Work required: Begin at the line with "Chairs, 7 pcs, Farstrup, Denmark, 1950s/60s." and set down each line exactly until the listing ends. Images stay out.

Data section:
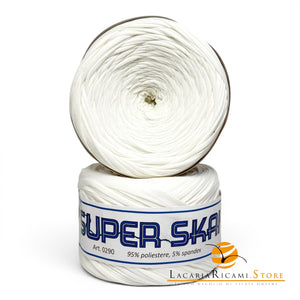 Fettuccia SUPER SKAI (Eco Pelle) - Cucirini Tre Stelle - Colore: 000 - BIANCO - by LacariaRicami.Store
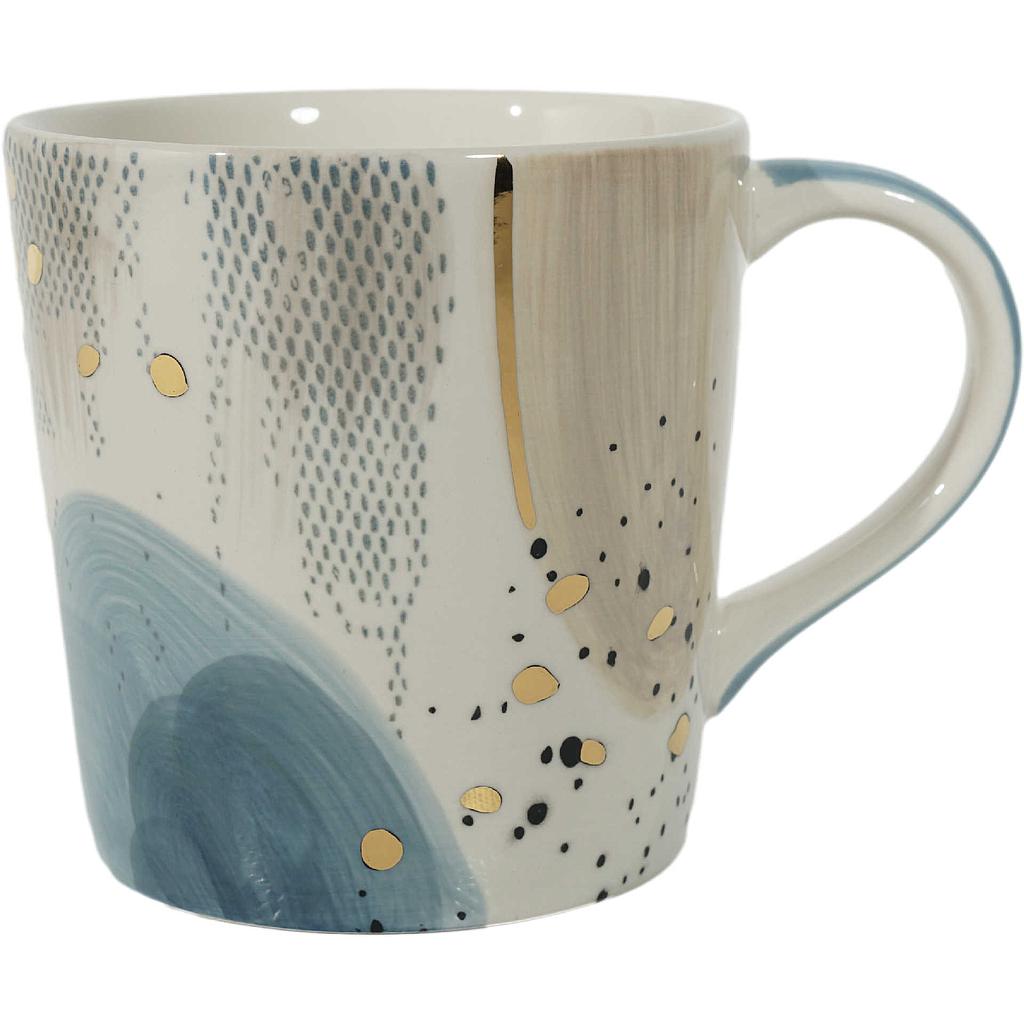 Becher &quot;Belle&quot; 0,4 l, Keramik mit Goldauflage, H 9,7 cm, Ø 8,7 cm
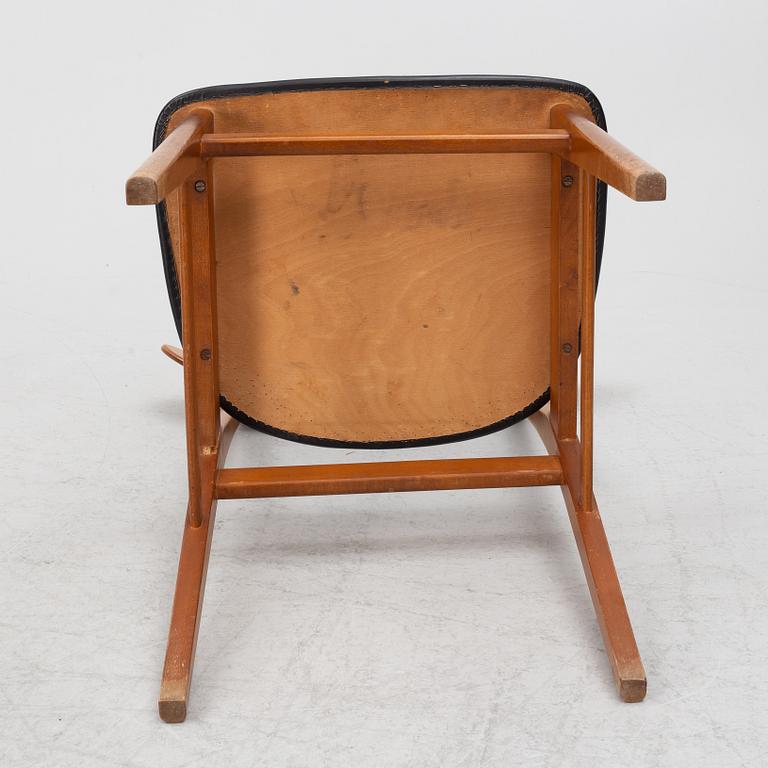 Chairs, 7 pcs, Farstrup, Denmark, 1950s/60s.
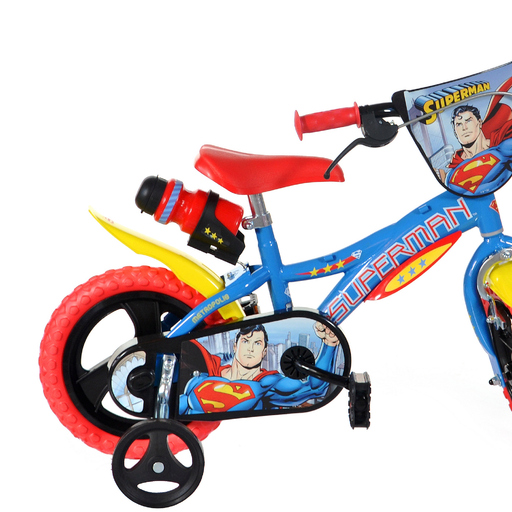 Bicicleta infantil Superman de 30 cm (12 polegadas) para crianças de 3 a 5 anos.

Response area:
 Chairs, 7 pcs, Farstrup, Denmark, 1950s/60s.
 Bicicleta infantil Superman de 30 cm (12 polegadas) para crianças de 3 a 5 anos.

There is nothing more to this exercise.